Segment Start: DATASET RECORDS

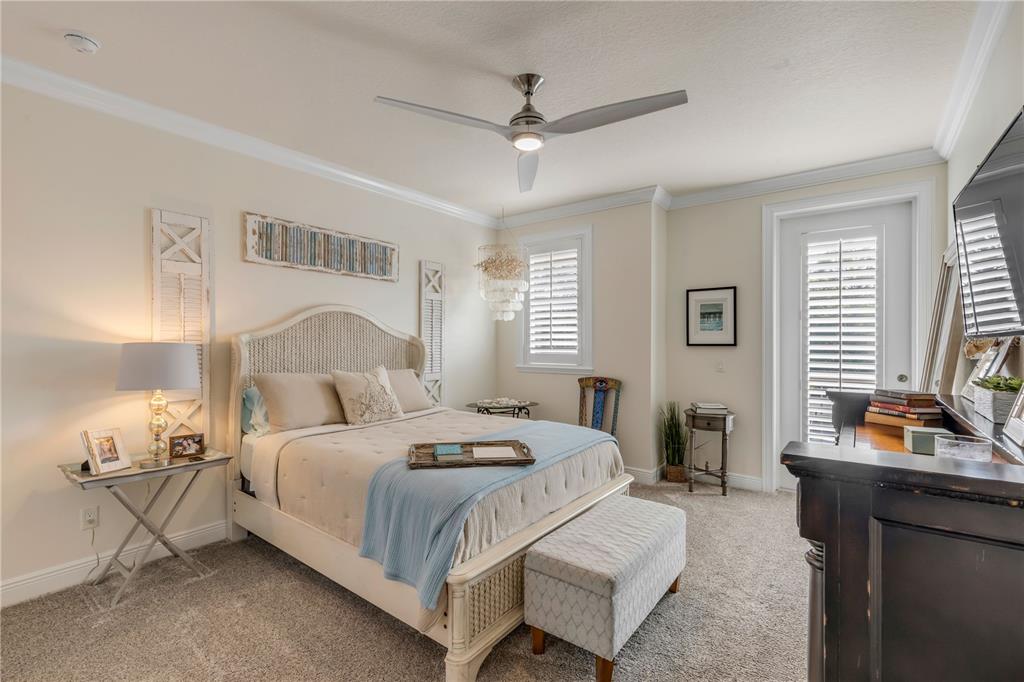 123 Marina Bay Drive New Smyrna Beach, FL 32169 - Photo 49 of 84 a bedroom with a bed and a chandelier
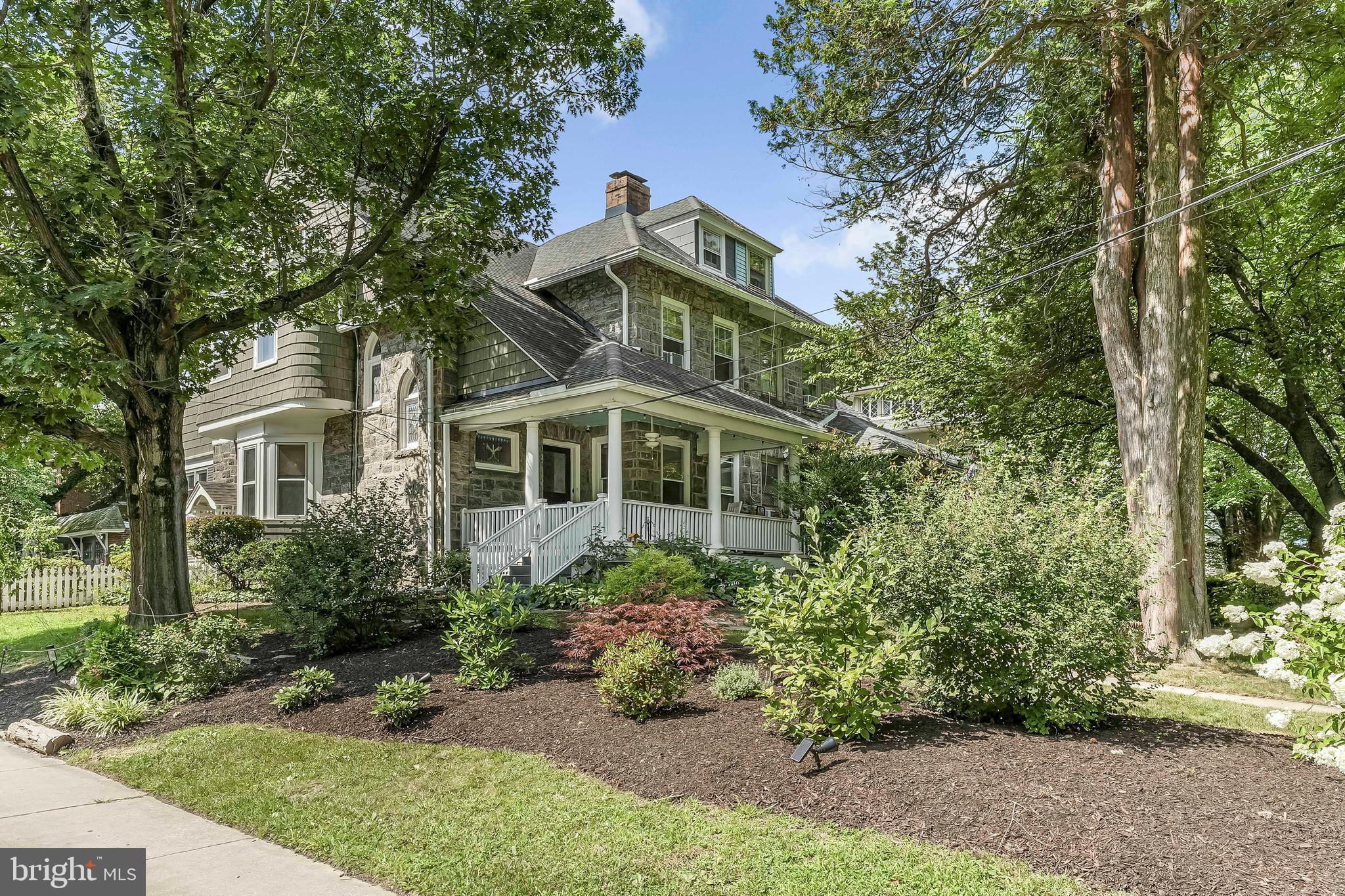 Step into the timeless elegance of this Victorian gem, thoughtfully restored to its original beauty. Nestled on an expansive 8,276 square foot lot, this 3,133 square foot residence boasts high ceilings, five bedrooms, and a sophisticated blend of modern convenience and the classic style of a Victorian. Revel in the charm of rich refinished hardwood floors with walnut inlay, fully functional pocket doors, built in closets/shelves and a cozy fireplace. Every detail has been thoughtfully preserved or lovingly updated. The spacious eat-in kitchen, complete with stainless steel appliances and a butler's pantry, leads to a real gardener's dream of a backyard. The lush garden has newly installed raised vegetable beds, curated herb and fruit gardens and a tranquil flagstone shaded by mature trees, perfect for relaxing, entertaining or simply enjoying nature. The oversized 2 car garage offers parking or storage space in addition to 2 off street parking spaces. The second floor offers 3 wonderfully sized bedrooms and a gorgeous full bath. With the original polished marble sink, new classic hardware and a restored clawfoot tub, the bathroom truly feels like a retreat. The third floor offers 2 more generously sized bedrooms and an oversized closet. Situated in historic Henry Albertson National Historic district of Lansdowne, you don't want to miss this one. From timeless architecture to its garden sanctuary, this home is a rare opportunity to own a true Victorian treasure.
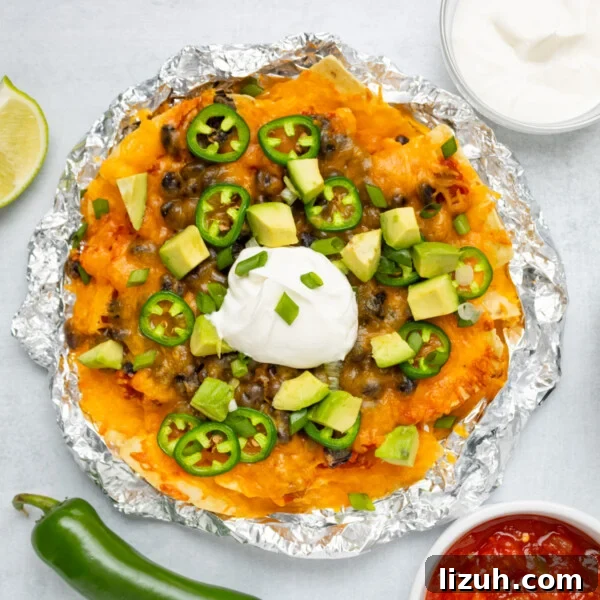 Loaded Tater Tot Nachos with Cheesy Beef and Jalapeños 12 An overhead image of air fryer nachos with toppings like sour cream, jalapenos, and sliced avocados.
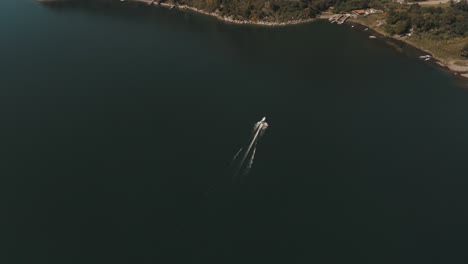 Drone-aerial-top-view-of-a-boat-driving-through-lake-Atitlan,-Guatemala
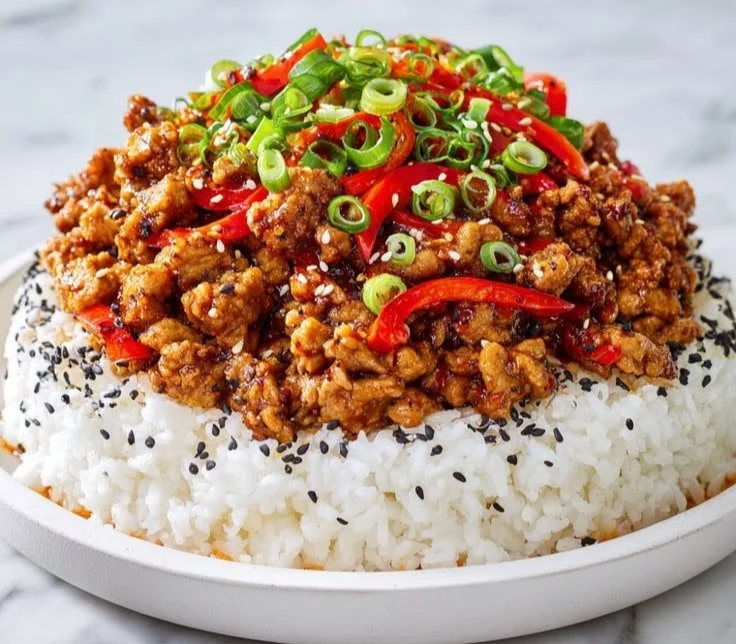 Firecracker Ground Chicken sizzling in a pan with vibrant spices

Segment End: DATASET RECORDS

> [REQUIRED ACTION]: The expected output is every entry, retyped exactly, with all pictures removed.

> [EXERCISE OUTPUT]:
 123 Marina Bay Drive New Smyrna Beach, FL 32169 - Photo 49 of 84 a bedroom with a bed and a chandelier
 Step into the timeless elegance of this Victorian gem, thoughtfully restored to its original beauty. Nestled on an expansive 8,276 square foot lot, this 3,133 square foot residence boasts high ceilings, five bedrooms, and a sophisticated blend of modern convenience and the classic style of a Victorian. Revel in the charm of rich refinished hardwood floors with walnut inlay, fully functional pocket doors, built in closets/shelves and a cozy fireplace. Every detail has been thoughtfully preserved or lovingly updated. The spacious eat-in kitchen, complete with stainless steel appliances and a butler's pantry, leads to a real gardener's dream of a backyard. The lush garden has newly installed raised vegetable beds, curated herb and fruit gardens and a tranquil flagstone shaded by mature trees, perfect for relaxing, entertaining or simply enjoying nature. The oversized 2 car garage offers parking or storage space in addition to 2 off street parking spaces. The second floor offers 3 wonderfully sized bedrooms and a gorgeous full bath. With the original polished marble sink, new classic hardware and a restored clawfoot tub, the bathroom truly feels like a retreat. The third floor offers 2 more generously sized bedrooms and an oversized closet. Situated in historic Henry Albertson National Historic district of Lansdowne, you don't want to miss this one. From timeless architecture to its garden sanctuary, this home is a rare opportunity to own a true Victorian treasure.
 Loaded Tater Tot Nachos with Cheesy Beef and Jalapeños 12 An overhead image of air fryer nachos with toppings like sour cream, jalapenos, and sliced avocados.
 Drone-aerial-top-view-of-a-boat-driving-through-lake-Atitlan,-Guatemala
 Firecracker Ground Chicken sizzling in a pan with vibrant spices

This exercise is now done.